L’exposition inaugurale des nouveaux locaux de la Fondation Henri Cartier-Bresson se devait de rendre hommage à Martine Franck. Née à Anvers en 1938 et décédée en 2012, Martine Franck vécut en Grande-Bretagne et aux Etats-Unis, voyagea en Asie, devint l’assistante de photographes puis photographe indépendante et collabora aux grands magazines américains. Elle épousa en 1970 « HCB », qui avait déjà à ce moment délaissé son fameux boîtier. Au début des années 2000, Martine Franck mit sur pied la Fondation conçue en famille dont elle devint Présidente et qui serait vouée à la diffusion de l’œuvre de son époux et de la sienne.
C’est dès 2011, du vivant de la photographe qui se savait malade et en collaboration avec elle, qu’Agnès Sire, commissaire et gardienne avisée du temple, envisagea le projet de cette exposition. Un beau livre très complet vient de paraître à cette occasion aux Editions Xavier Barral avec un entretien de l’artiste. Aux cimaises de la Fondation comme dans l’ouvrage, le charme opère largement et la grâce qui caractérise le travail de Martine Franck est au rendez-vous tout au long de cette rétrospective.
On se laisse guider dans la traversée de la vie de cette femme libre, dont l’attention se portait souvent sur la cause des femmes et la conquête de leurs droits et qui savait rendre la tendresse et l’empathie que lui inspirait la vieillesse. « Pour être photographe, » disait Martine Franck, «il faut un bon œil, le sens de la composition, de la compassion et un sens de l’engagement ». L’engagement de la femme photographe se traduisait dans le choix des thématiques et des sujets: manifestations, travaux des femmes, choix des modèles ami(e)s. Son regard empathique savait aussi se porter sur la vie dans toute sa simplicité comme dans cette belle image de sa consoeur Sarah Moon jouant à la corde à sauter avec une petite fille. On découvre des scènes de vie au Royaume-Uni, en Irlande aux confins de l’Europe, en Inde ou à New York, mais aussi des portraits d’artistes tels celui de l’écrivain Albert Cohen ou de Cartier-Bresson en train de dessiner son autoportrait.

© Martine Franck / Magnum Photos
Martine Franck se fondit également dans la troupe du Théâtre du Soleil de son amie Arianne Mnouchkine qui avait partagé son voyage initiatique en Extrême-Orient. L’Asie occupe une place importante dans son itinéraire et cette rétrospective. On découvre de jolies photographies d’enfants moines tibétains mais aussi une émouvante série d’images datant des dernières années, avec des tirages un peu plus grands que la moyenne: belle évocation du bouddhisme dans lequel le couple HCB-Martine Franck s’inscrivait à sa manière.

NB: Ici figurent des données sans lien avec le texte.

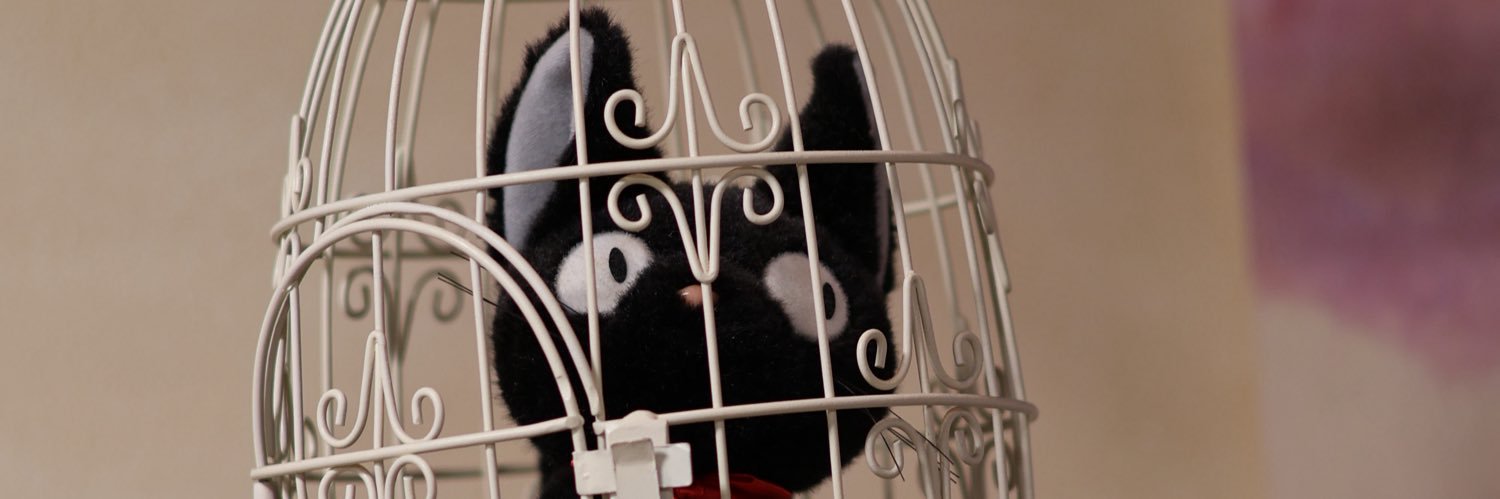 basilleafie's profile banner image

Ne cherchant « pas vraiment à raconter des histoires, mais plutôt à suggérer des situations, des gens », Martine Franck n’opérait pas comme son (futur) époux, lequel disait d’elle qu’elle n’était « pas faite pour le trottoir ». Pas d’ « instants décisifs » dans ses images (sauf ici, en Inde) mais beaucoup de bienveillance, de confiance et d’ouverture dans le rapport au sujet.

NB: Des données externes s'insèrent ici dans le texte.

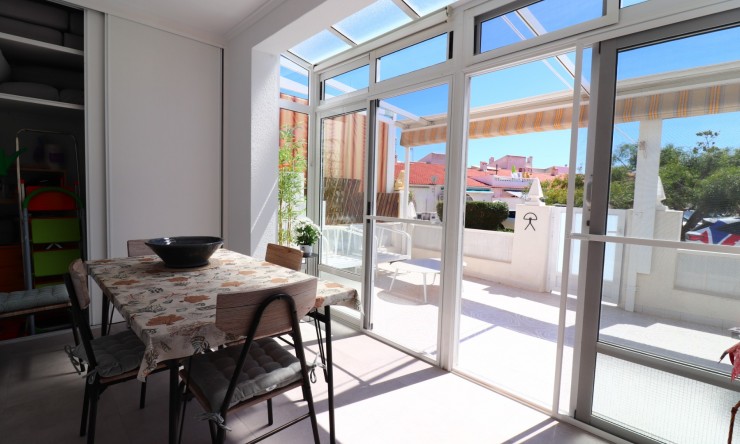 Re-Sale - Bungalow - Torrevieja - El Chaparral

Concernée et se sentant impliquée, Martine Franck avait «l’envie de comprendre, de se comprendre », parlant de sa pratique photographique comme d’« une quête incessante de la vie ». Elle avait l’humilité de considérer son travail comme « une goutte d’eau dans la rivière », ajoutant toutefois « mais j’y crois. » Sobriété et élégance : une grande dame.
Exposition Martine Franck. A la Fondation Henri-Cartier Bresson, 79 rue des Archives, 75003 Paris. Du 6 novembre 2018 au 10 février 2019. Mardi à dimanche de 11:00 à 19:00.